--- DATA SECTION ---

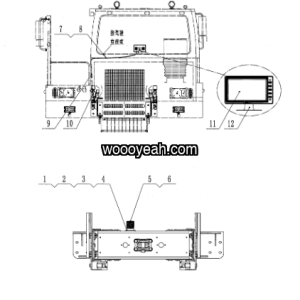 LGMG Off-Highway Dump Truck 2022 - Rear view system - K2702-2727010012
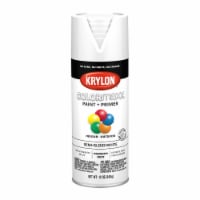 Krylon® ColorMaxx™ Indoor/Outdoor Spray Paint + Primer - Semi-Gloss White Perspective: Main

* * *

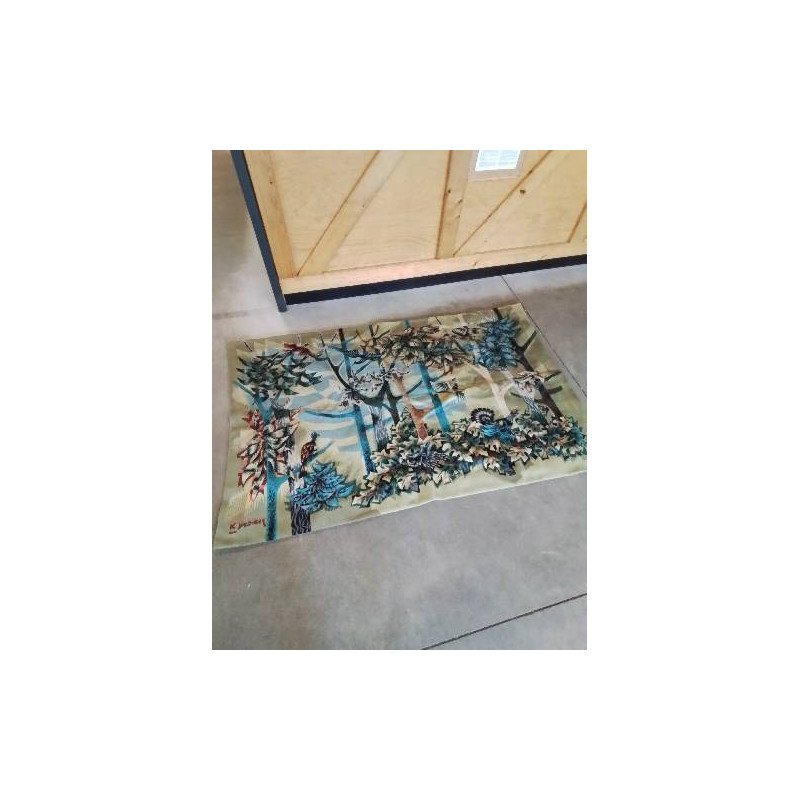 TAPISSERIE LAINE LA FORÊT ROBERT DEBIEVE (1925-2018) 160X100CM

--- PROBLEM STATEMENT ---
Write out exactly the lines above between the one with "LGMG Off-Highway Dump" and the one with "Krylon® ColorMaxx™ Indoor/Outdoor", inclusive, with pictures left out.

--- RESULT ---
 LGMG Off-Highway Dump Truck 2022 - Rear view system - K2702-2727010012
 Krylon® ColorMaxx™ Indoor/Outdoor Spray Paint + Primer - Semi-Gloss White Perspective: Main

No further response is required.